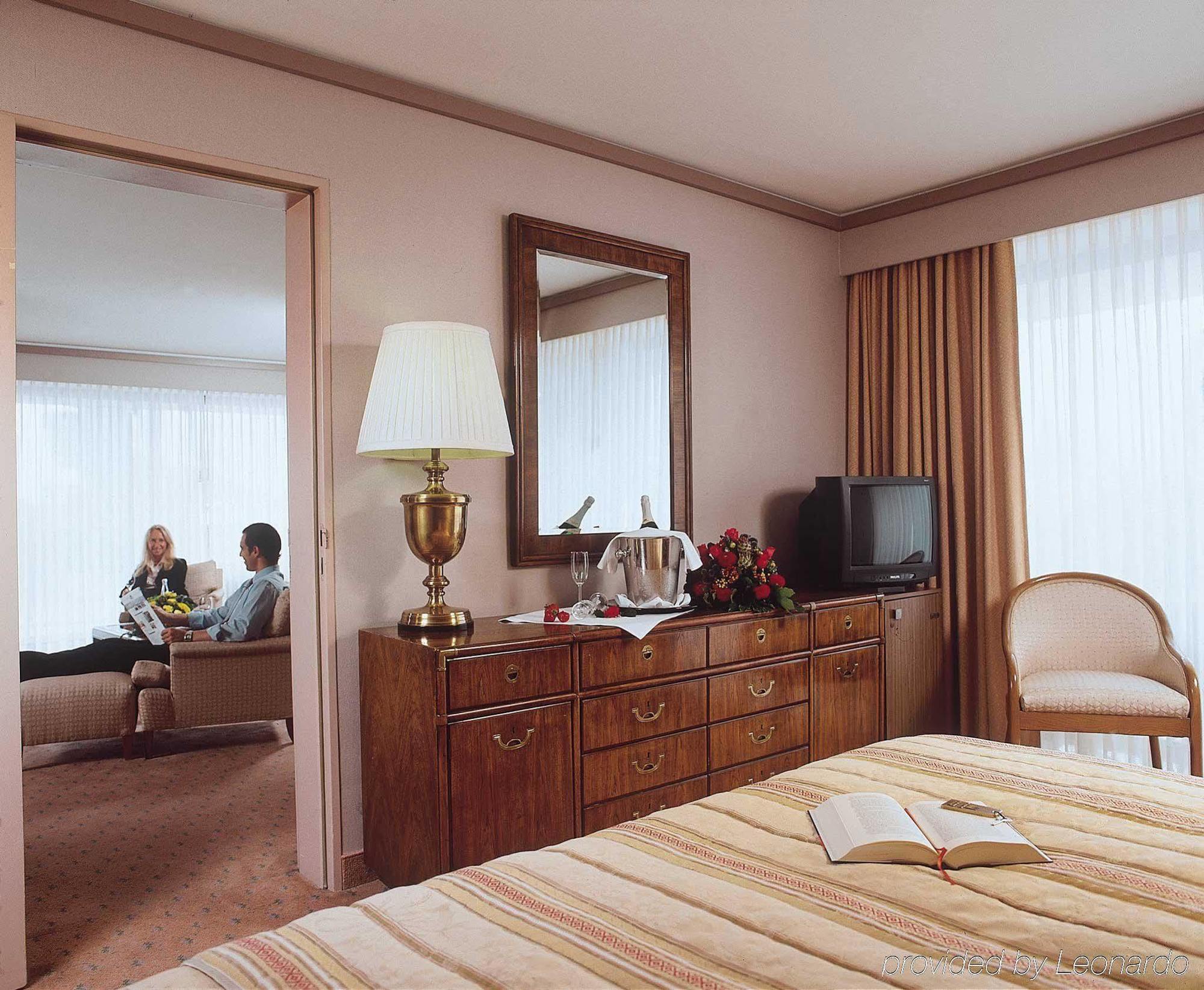 Maritim Grand Hotel Hanovre Chambre photo
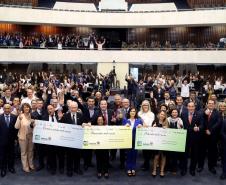 Ganhadores receberam os cheques durante sessão solene promovida pelos deputados paranaenses em reconhecimento ao programa de cidadania fiscal do Estado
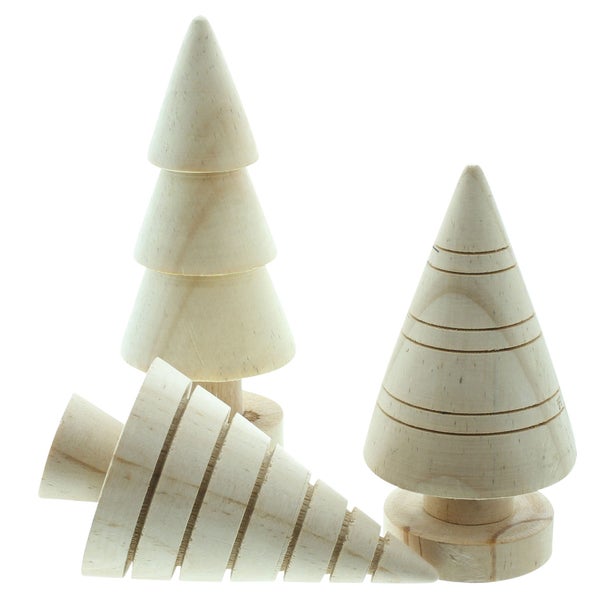 Drei hölzerne Weihnachtsbäume in verschiedenen Designs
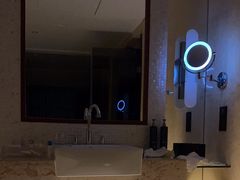 -上海虹桥祥源希尔顿酒店
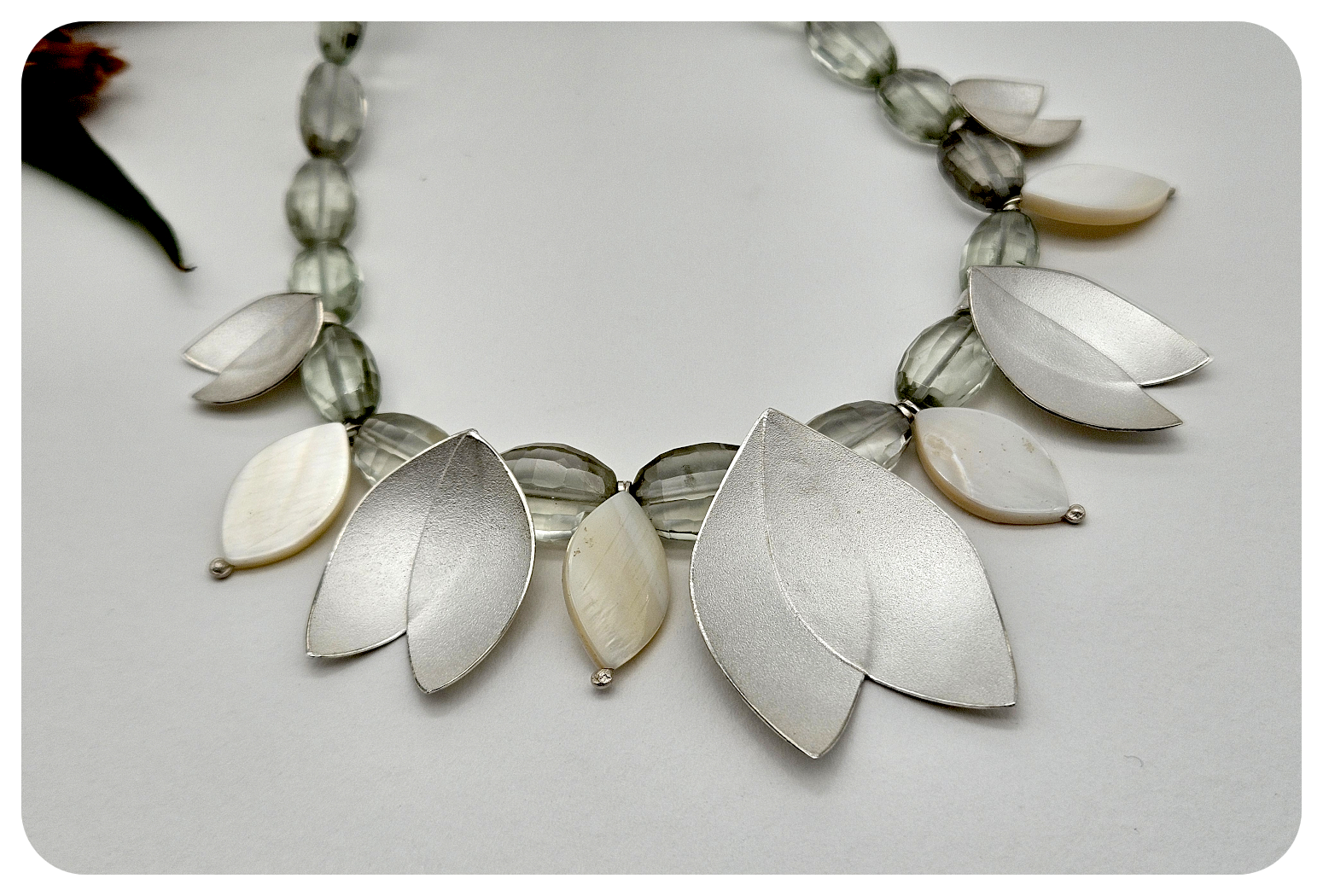 snowdrop necklace.png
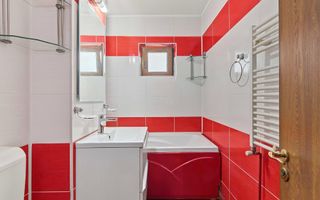 Apartament cu 3 camere decomandat etaj intermediar - Poză 9
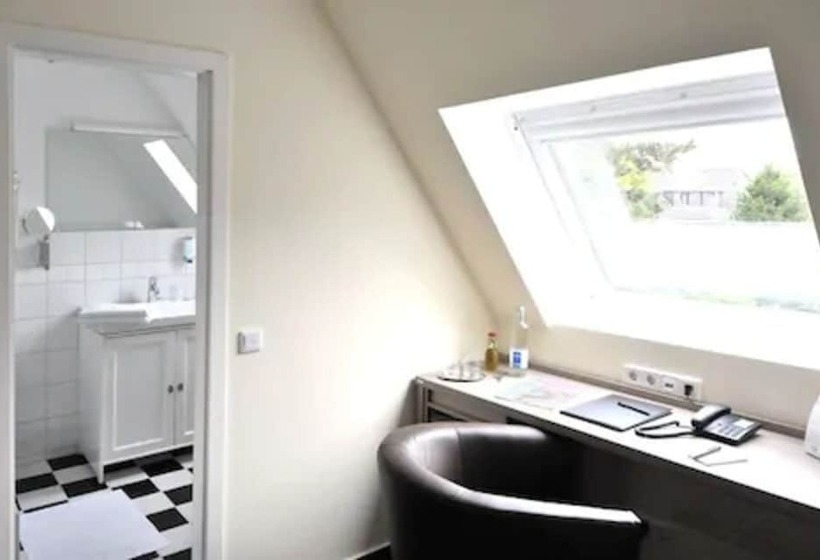 חדר סטנדרט, Destination 21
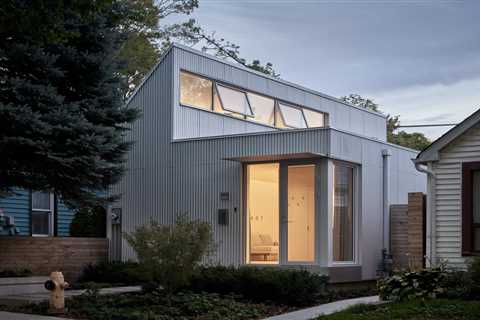Corrugated Metal Sets a Home Apart in a Tight-Knit Toronto Neighborhood
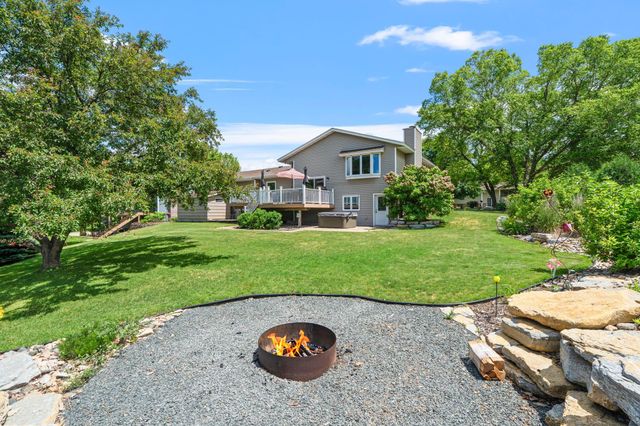 8419 Cooper Way, Inver Grove Heights, MN 55076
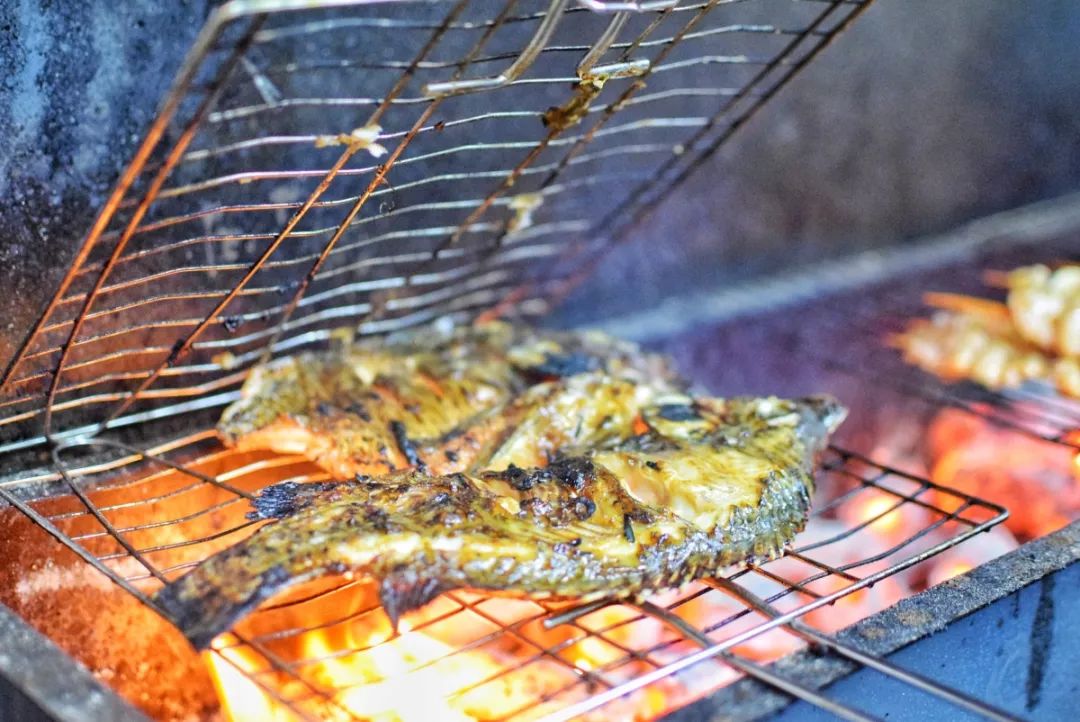 宜州烤鱼连续5天半价&7.8折炸裂福利!这家宜州烧烤我锁了!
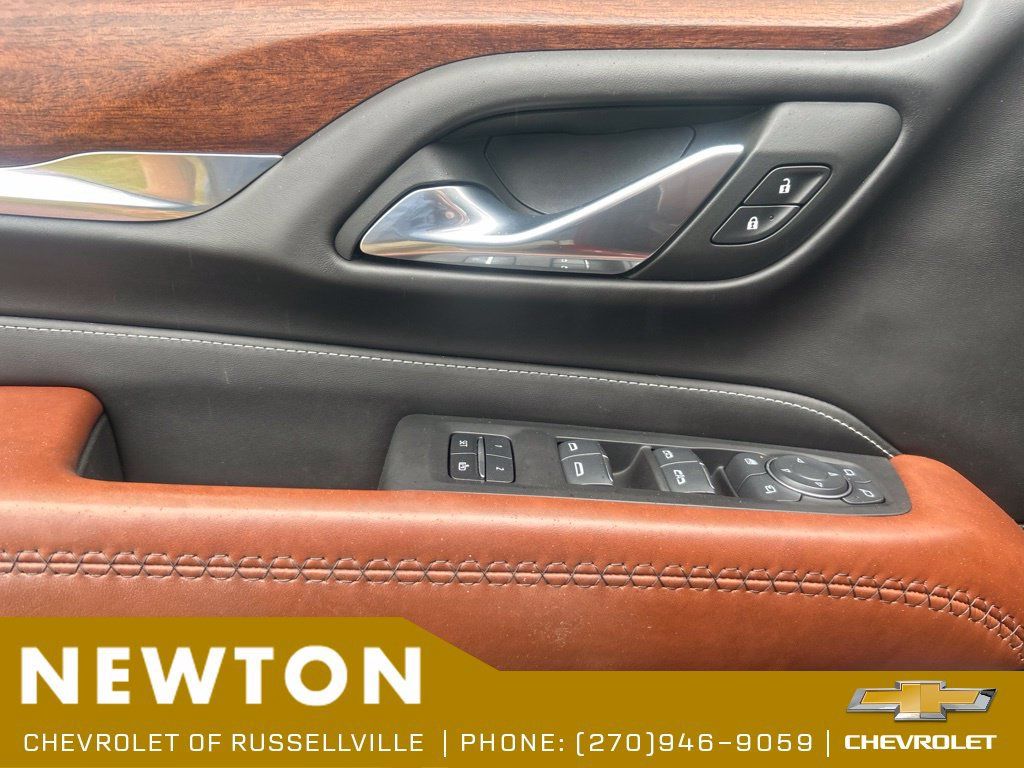 Used 2024 GMC Yukon XL Denali Ultimate AWD/4WD image 9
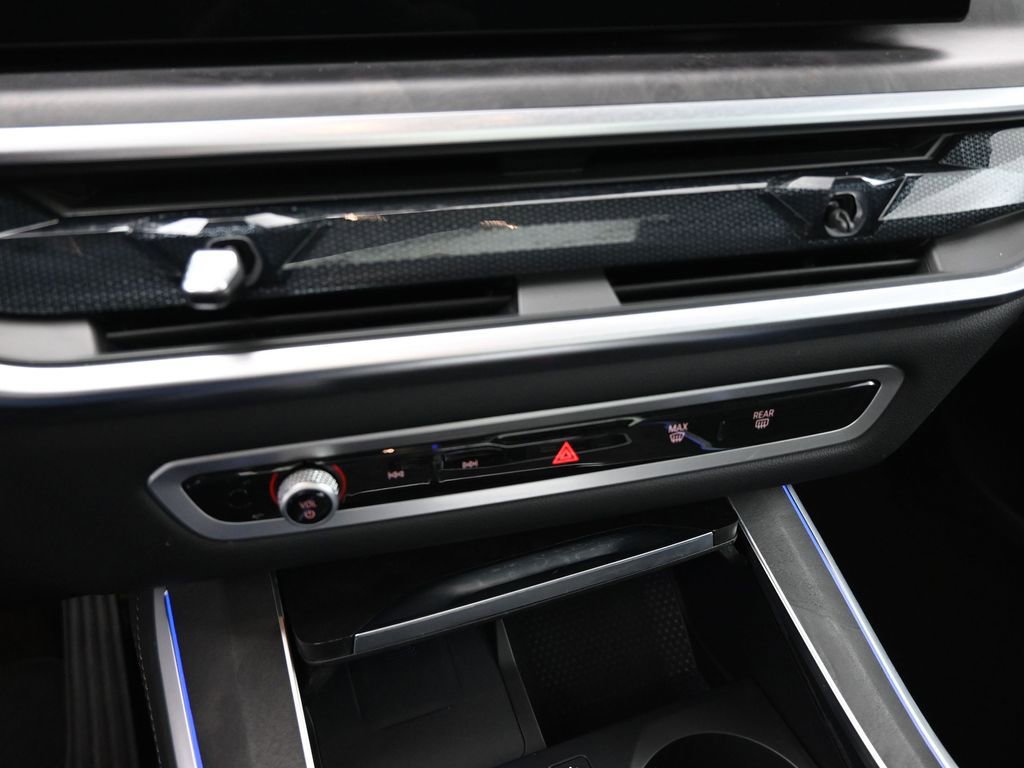 Used 2025 BMW X5 xDrive50e image 17
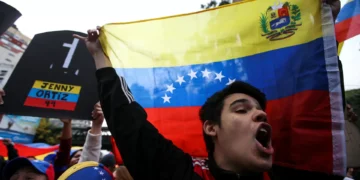 ONG venezuelana diz que há 117 menores detidos (têm entre 15 e 17 anos)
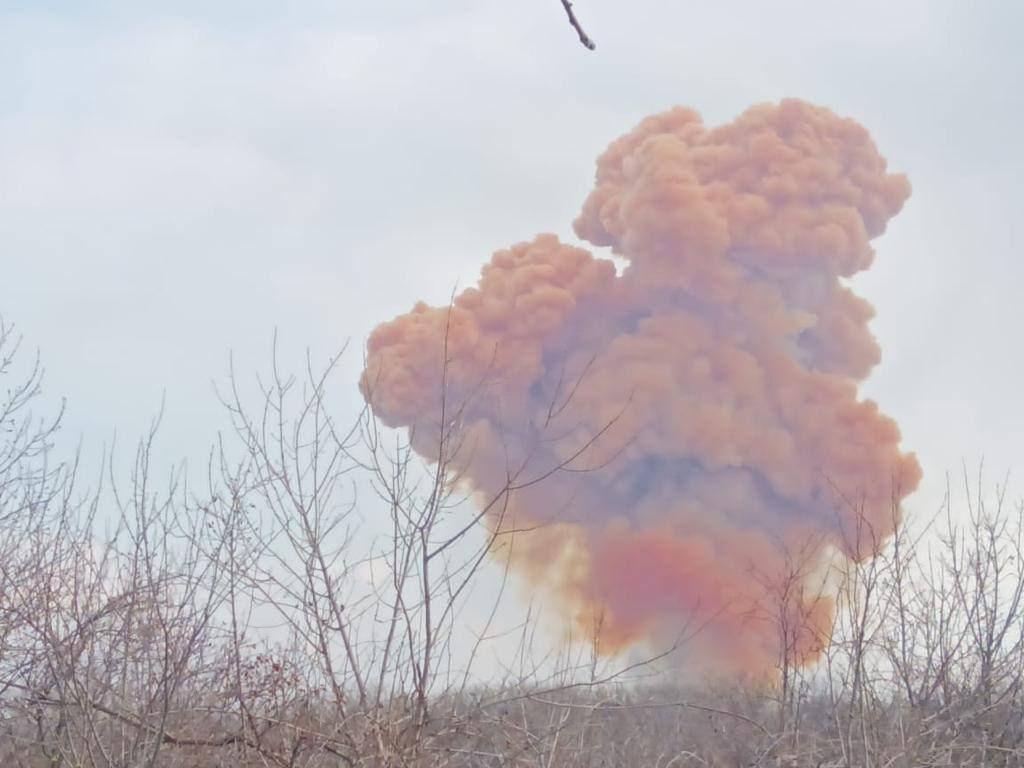 У Рубіжному орки влучили у цистерну з азотною кислотою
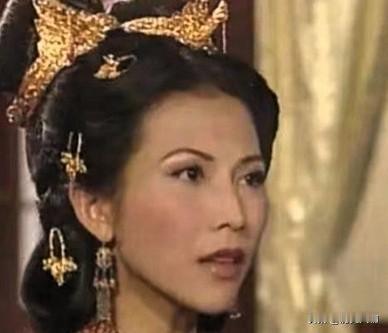 1634年，李自成麾下猛将高杰与掌管全军后勤的邢夫人私情败露，二人密谋连夜出逃，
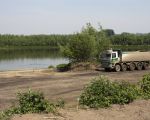 Rondom het grindgat zijn de wilgen in de afgelopen jaren weer uitgelopen. Omdat het nu het broedseizoen van de vogels is moet nog enige tijd worden gewacht eer het grindgat rondom wordt afgewerkt, waarbij de begroeiing geheel zal worden verwijderd.    (5-5-2014 - Jan Dolmans)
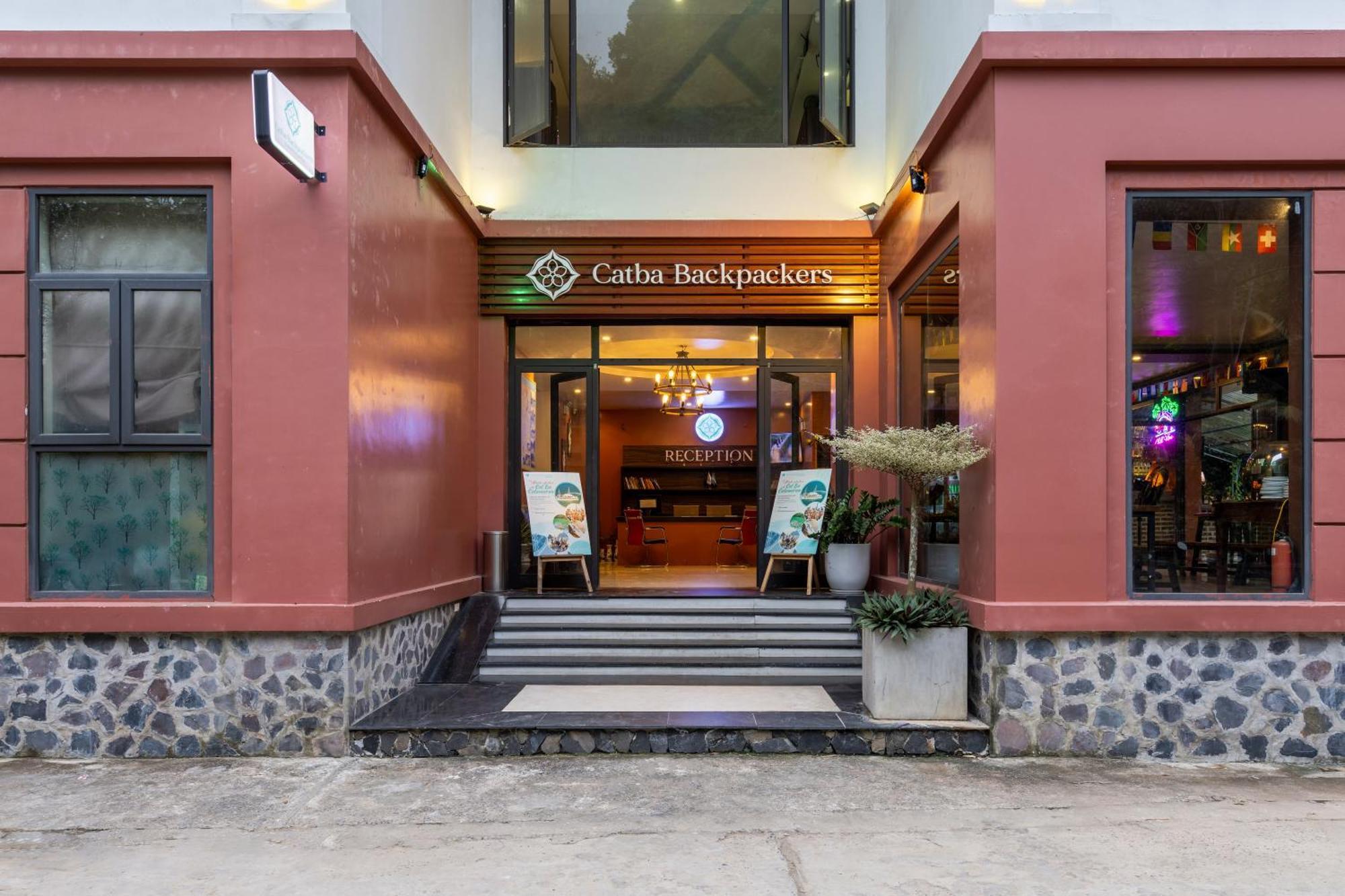 Catba Backpackers Hostel & Pool Bar Chan Chau Exterior foto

________________________________________

About this exercise:
Only the lines from the one containing "ONG venezuelana diz" through the final line of the records should be retyped, exactly, with every picture omitted.

Answer section:
 ONG venezuelana diz que há 117 menores detidos (têm entre 15 e 17 anos)
 У Рубіжному орки влучили у цистерну з азотною кислотою
 1634年，李自成麾下猛将高杰与掌管全军后勤的邢夫人私情败露，二人密谋连夜出逃，
 Rondom het grindgat zijn de wilgen in de afgelopen jaren weer uitgelopen. Omdat het nu het broedseizoen van de vogels is moet nog enige tijd worden gewacht eer het grindgat rondom wordt afgewerkt, waarbij de begroeiing geheel zal worden verwijderd.    (5-5-2014 - Jan Dolmans)
 Catba Backpackers Hostel & Pool Bar Chan Chau Exterior foto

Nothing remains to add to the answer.